Porting to 64-bit Linux
An anonymous reader writes "As 64-bit architectures continue to gain popularity it is becoming more and more important to make sure that your software is ready for the shift. IBMDeveloperworks takes a look at a few of the most common pitfalls when making sure your applications are 64-bit ready. From the article: 'Major hardware vendors have recently expanded their 64-bit offerings because of the performance, value, and scalability that 64-bit platforms can provide. The constraints of 32-bit systems, particularly the 4GB virtual memory ceiling, have spurred companies to consider migrating to 64-bit platforms. Knowing how to port applications to comply with a 64-bit architecture can help you write portable and efficient code.'"
Generally architecture changes, compiler version changes, break code on large projects. Over a million lines of code, any tiny little difference in the platform that the original developers didn't think to account for will come up *somewhere*. A good example of this is if you are dumping data structures to disk or network and write a size_t variable. Suddenly, you can no longer communicate between 32 bit and 64 bit versions of your software.

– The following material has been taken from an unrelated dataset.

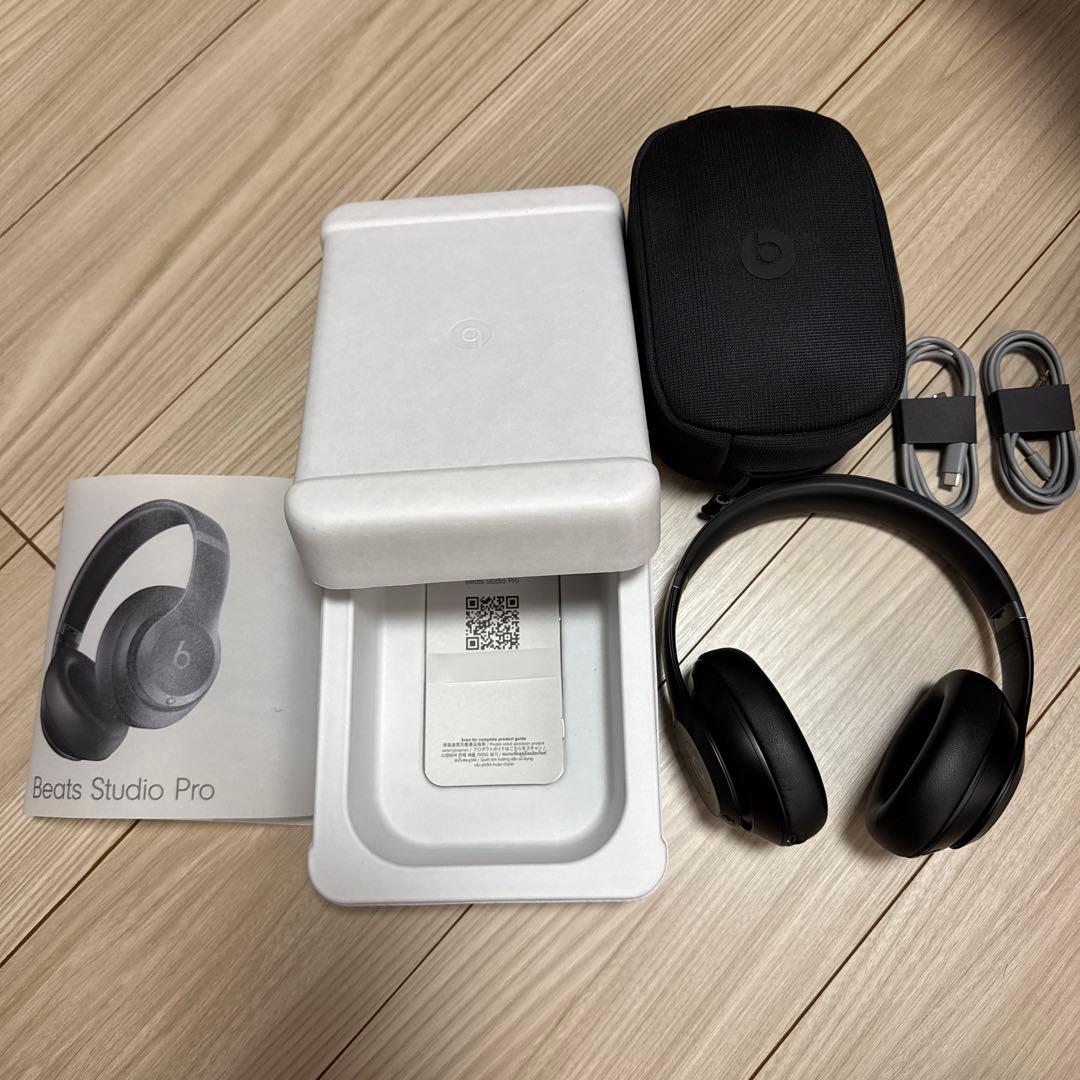 Beats Studio Pro ブラック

As a general rule, "just a recompile" *never happens* for any architecture and compiler change on a project above a certain size. Compiler writers break compatibility with some little ol' thing they don't think anyone is using, but which everyone is actually using in *every* version, fail to implement uncommon or difficult language features, add non standard features that other compilers don't support. Then application developers do things like not swapping to network byte order and using architecture dependent data types (size_t as in the example). Between different unices, header file contents will change.
The fixes are often not that hard (usually trivial) to do between say versions of the same compiler, or endian switches... but they are still there and annoy the hell out off people trying to compile old open source software on a new platform, like say macosx was a few years ago and x86 64 is now. There's always growing pains.